BOSTON. Eighteen anti-war protesters were arrested yesterday afternoon on City Hall Plaza after refusing to end a silent demonstration at a Veterans Day celebration.
All 18, part of the Veterans for Peace group that brought up the rear of the parade around Boston Common and into the plaza, stood shoulder-to-shoulder with bandanas in their mouths and signs hanging from their necks, blocking the stage where tributes to veterans were about to start. Many carried American flags turned upside-down, one of which was wrested from 76-year-old Tony Flaherty, a Vietnam vet who was knocked to the ground in the day’s only show of violence.
The protesters were charged with disturbing a lawful assembly of people, Boston Police said. All said they support their fellow veterans and those in Iraq, but don’t see a need for the struggles overseas.
“Many of us were [in a war] once,” Flaherty said. “We thought there was glory in war. War is death. There’s a loss of mind and a loss of life.”
The group was joined by others with a personal interest in seeing peace abroad and a return of their loved ones.
“I have the greatest respect for all the veterans,” said Sarah Tyler, whose 28-year-old son, Ben Brody, is serving with the U.S. Army’s 3rd Infantry in Baghdad. “It’s just very sad that we support all our troops, and then all this stuff you hear from the Bush administration is untrue.”

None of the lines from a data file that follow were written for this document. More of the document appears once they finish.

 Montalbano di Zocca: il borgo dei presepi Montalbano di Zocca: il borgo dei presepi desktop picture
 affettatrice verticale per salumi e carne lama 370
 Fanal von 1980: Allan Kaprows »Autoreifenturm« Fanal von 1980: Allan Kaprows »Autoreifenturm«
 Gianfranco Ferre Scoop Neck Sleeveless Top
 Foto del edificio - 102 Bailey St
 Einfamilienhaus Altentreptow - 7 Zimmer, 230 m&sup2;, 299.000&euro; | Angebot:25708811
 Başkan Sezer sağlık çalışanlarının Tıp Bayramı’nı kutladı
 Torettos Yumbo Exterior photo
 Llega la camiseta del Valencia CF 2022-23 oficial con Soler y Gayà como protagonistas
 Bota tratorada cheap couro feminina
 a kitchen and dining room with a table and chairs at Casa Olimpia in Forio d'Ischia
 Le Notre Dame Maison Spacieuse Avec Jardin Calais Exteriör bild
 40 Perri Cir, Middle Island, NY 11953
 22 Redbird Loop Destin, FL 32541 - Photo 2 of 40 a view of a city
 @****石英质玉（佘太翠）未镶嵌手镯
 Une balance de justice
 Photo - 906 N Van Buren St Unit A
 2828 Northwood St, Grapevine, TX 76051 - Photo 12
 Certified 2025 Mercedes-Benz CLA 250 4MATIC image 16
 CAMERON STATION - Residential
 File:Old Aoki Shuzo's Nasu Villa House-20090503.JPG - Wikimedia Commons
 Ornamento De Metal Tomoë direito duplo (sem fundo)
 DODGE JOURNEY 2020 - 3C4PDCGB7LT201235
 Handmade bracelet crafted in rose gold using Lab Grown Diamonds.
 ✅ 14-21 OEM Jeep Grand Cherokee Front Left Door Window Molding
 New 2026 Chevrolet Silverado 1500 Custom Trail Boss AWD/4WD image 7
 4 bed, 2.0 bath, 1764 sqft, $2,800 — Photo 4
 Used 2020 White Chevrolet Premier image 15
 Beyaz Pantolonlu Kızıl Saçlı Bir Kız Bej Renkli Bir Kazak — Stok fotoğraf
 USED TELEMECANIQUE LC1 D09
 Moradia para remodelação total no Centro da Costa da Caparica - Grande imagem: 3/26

The intensity of the demonstrations was quickly diminished when the Star Spangled Banner was sung, after which the tributes finally began. Robert Casey, 66, of Melrose, enjoyed the festivities with his wife, unfazed by the protests.
“It was the same in [1966],” said Casey, who served in Vietnam for nearly a year. “When we went out, people were cheering us. When we came back, it was a whole lot different.”